The LanguageWare libraries provide the following non-exhaustive list of features: dictionary look-up and fuzzy look-up, lexical analysis, language identification, spelling correction, hyphenation, normalization, part-of-speech disambiguation, syntactic parsing, semantic analysis, facts/entities extraction and relationship extraction. For more details see the documentation.
The LanguageWare Resource Workbench provides a complete development environment for the building and customization of dictionaries, rules, ontologies and associated UIMA annotators. This environment removes the need for specialist knowledge of the underlying technologies of natural language processing or UIMA. In doing so, it allows the user to focus on the concepts and relationships of interest, and to develop analyzers which extract them from text without having to write any code. The resulting application code is wrapped as UIMA annotators, which can be seamlessly plugged into any application that is UIMA-compliant.

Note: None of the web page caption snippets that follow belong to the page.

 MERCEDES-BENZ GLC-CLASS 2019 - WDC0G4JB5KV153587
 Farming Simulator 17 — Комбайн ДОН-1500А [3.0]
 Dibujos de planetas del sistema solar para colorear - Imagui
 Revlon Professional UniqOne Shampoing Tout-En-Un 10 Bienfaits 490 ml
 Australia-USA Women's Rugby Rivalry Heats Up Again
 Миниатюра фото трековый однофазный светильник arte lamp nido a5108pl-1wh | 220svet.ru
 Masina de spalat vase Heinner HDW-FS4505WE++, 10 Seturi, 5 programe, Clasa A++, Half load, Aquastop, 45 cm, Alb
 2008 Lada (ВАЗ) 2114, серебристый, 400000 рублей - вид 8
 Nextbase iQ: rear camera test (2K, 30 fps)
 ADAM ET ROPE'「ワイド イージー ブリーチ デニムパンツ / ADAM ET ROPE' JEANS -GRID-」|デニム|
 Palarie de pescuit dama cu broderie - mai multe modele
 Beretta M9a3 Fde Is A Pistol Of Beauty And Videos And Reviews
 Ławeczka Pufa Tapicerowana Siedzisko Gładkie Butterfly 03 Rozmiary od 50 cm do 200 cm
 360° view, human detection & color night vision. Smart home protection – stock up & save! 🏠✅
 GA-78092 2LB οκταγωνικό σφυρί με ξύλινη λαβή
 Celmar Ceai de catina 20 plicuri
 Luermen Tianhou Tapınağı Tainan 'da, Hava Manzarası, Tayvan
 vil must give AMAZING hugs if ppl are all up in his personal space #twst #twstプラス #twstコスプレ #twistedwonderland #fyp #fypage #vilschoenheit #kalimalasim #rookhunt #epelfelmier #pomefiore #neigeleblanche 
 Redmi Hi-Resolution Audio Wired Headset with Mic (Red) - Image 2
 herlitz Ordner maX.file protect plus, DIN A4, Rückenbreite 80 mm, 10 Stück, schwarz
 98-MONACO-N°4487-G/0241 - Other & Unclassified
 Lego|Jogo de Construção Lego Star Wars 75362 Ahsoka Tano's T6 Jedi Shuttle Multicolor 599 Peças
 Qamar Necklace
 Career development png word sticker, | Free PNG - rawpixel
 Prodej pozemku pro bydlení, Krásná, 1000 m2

IBM has attracted a lot of attention with its Jeopardy playing “Watson,” and that isn’t necessarily a bad thing.
Personally I am hopeful that it will spur a greater interest in both the humanities as well as CS. Humanities because CS in its absence lacks a lot of interesting problems and CS because that can result in software for the rest of us to use.
Many years ago, before CS became professional or at least as professional as it is now, there was a healthy mixture of math, engineering, humanists and what would become computer scientists in computer science projects.
This software package may be a good way to attract a better cross-section of people to a project.
Not sure if finding others for collaboration will be easier in a university setting (with sharp department lines) or in a public setting where people may be looking for projects outside of work in the public interest.
Possible project questions:
- Define a project where you would use these text analytic tools. (3-5 pages, no citations)
- What other disciplines would you involve and how would you persuade them to participate? (3-5 pages, no citations)
- How would you involve topic maps in your project and why? (3-5 pages, no citations)
- How would you use these tools to populate your topic maps? (5-7 pages, no citations)